Пожилая леди слева от них громко ахнула, прикрыв рот рукой, а Магдалена, сидящая по правую руку от девочки, и вовсе лишилась дара речи. Амелия села ровно и продолжила наблюдать за сценой; молодой виконт же, будучи оскорблённым, молча поднялся и вышел вон, неосторожно задев кого-то за плечо.

Как ослеплённый Эдип в конце пьесы Софокла, сломленный и побеждённый, Амелия покинула дворец опустошённая, разочарованная.
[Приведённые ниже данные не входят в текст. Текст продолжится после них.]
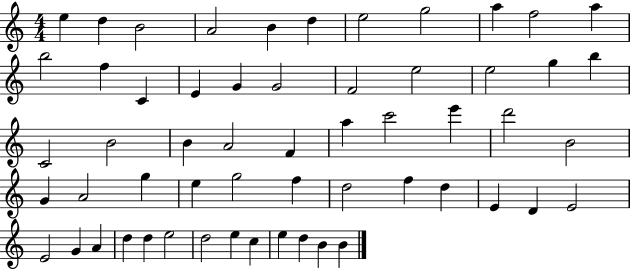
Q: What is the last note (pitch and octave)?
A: B4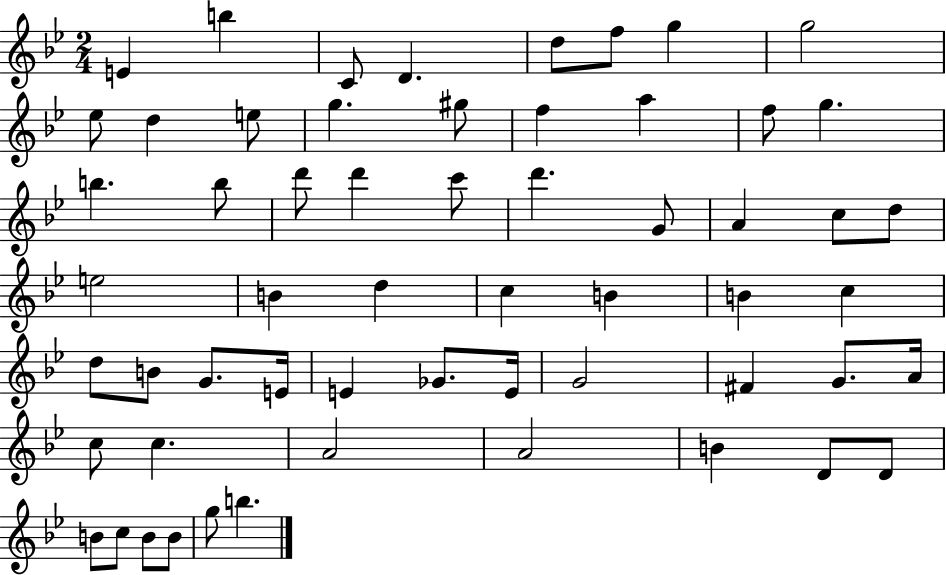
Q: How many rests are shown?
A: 0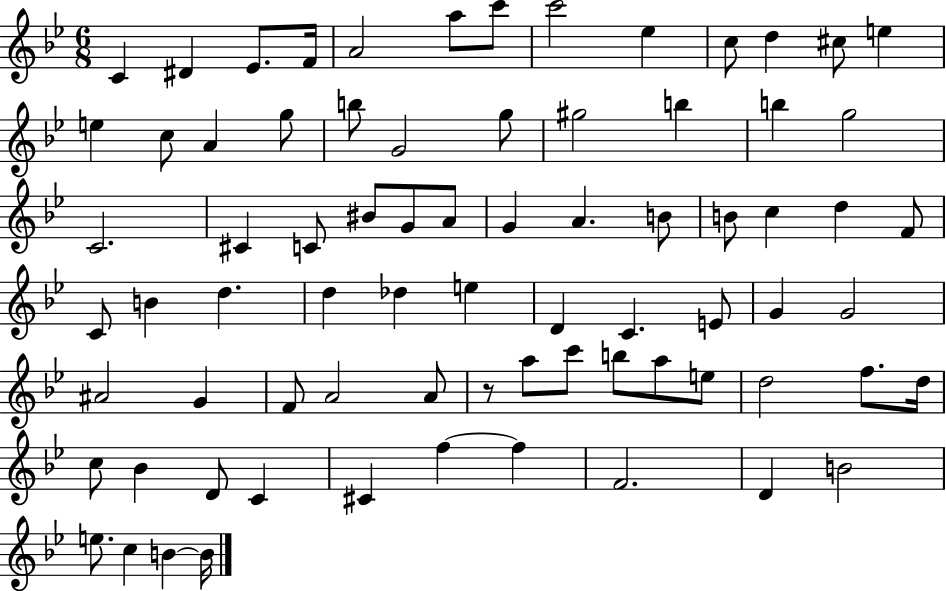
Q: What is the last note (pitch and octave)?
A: B4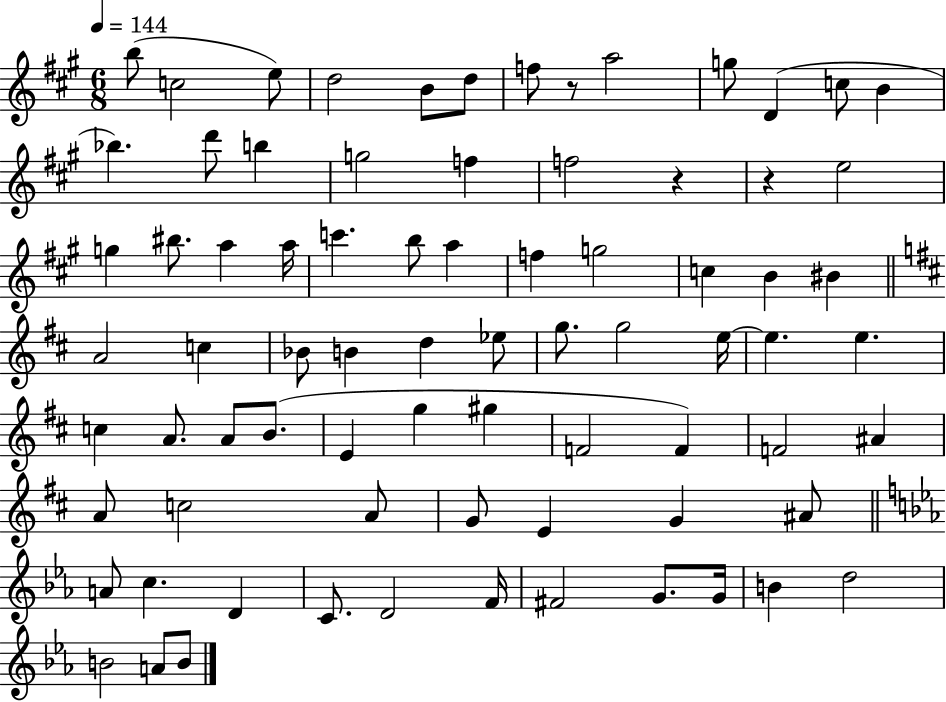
B5/e C5/h E5/e D5/h B4/e D5/e F5/e R/e A5/h G5/e D4/q C5/e B4/q Bb5/q. D6/e B5/q G5/h F5/q F5/h R/q R/q E5/h G5/q BIS5/e. A5/q A5/s C6/q. B5/e A5/q F5/q G5/h C5/q B4/q BIS4/q A4/h C5/q Bb4/e B4/q D5/q Eb5/e G5/e. G5/h E5/s E5/q. E5/q. C5/q A4/e. A4/e B4/e. E4/q G5/q G#5/q F4/h F4/q F4/h A#4/q A4/e C5/h A4/e G4/e E4/q G4/q A#4/e A4/e C5/q. D4/q C4/e. D4/h F4/s F#4/h G4/e. G4/s B4/q D5/h B4/h A4/e B4/e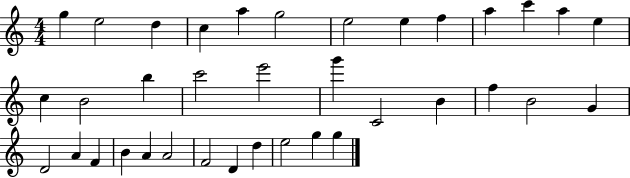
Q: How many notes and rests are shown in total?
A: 36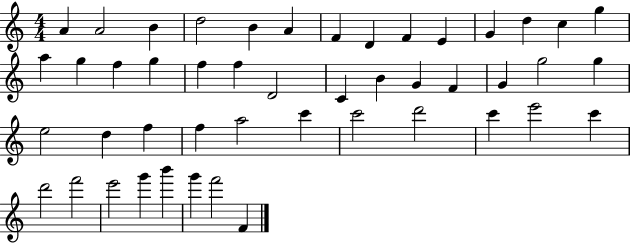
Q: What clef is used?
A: treble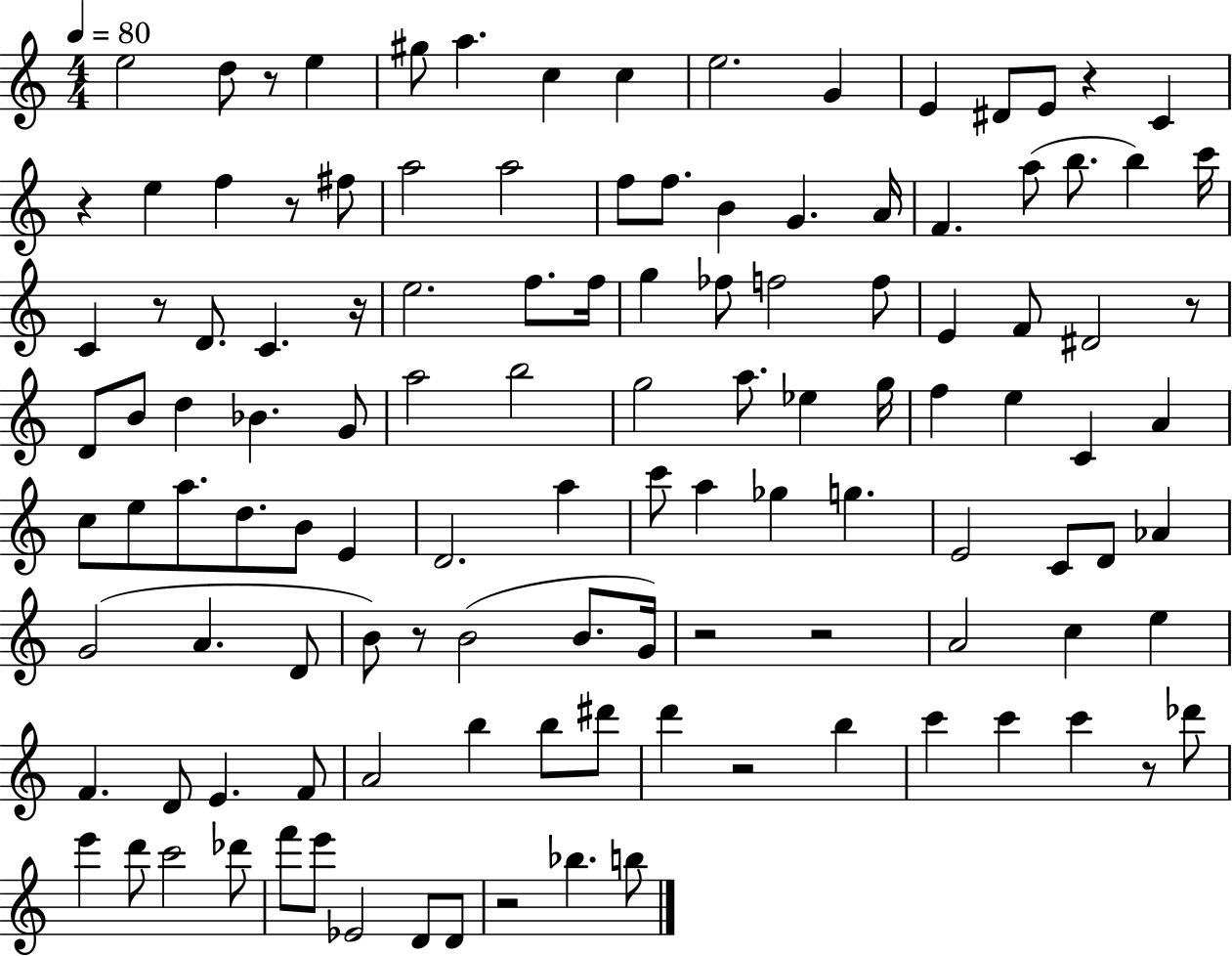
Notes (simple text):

Магдалена продолжала читать ей нотации до самого расставания в спальне, предупреждая, что девочка ещё пожалеет об отказе принять ухаживания обожавшего её виконта. Вечер окончился на отвратительной ноте, несмотря на то, как она сумела отвадить ухажёра, девочка не почувствовала себя победительницей. Как и прежде она засыпала с тоской и тяжёлым сердцем. Находившаяся у родни из клана Синклер сестрёнка Сара писала восторженные письма о жизни в Лоуленд, и с каждым новым посланием Амелия понимала, насколько сильно они отдалялись друг от друга. Сара росла и училась, Синклеры возлагали на неё большие надежды. Однажды Джеймс Гилли проговорился, что маленькую Сару пророчили в жёны младшему наследнику из знаменитого рода Дугласов. Амелия, узнав об этом тогда, обезумела и нескоро успокоилась. Ей пришлось принять тот факт, что её с сестрой пути разошлись, а о скорой встрече и речи не шло. Амелия день ото дня жила с пожирающими чувствами предательства и несправедливости. Ей казалось, будто она проживает чужую жизнь.

В очередной раз её мир пошатнулся, когда Амелия случайно застукала Магду и своего дядю под аркой в восточном коридоре замка. Они целовались, и это было бесспорно. Амелии показалось, что граф буквально хотел присосаться к молодой женщине ртом, так сильно и настойчиво он к ней прижимался. Да и благочестивая Магдалена не слишком-то сопротивлялась. Поражённая увиденным девочка просто ушла, не в силах понять, что она сама испытала в тот момент. Набожная и строгая Магда оказалась не такой уж строгой, однако Амелия решила хранить их маленький секрет и никому не рассказывать о поцелуе в полутьме коридора.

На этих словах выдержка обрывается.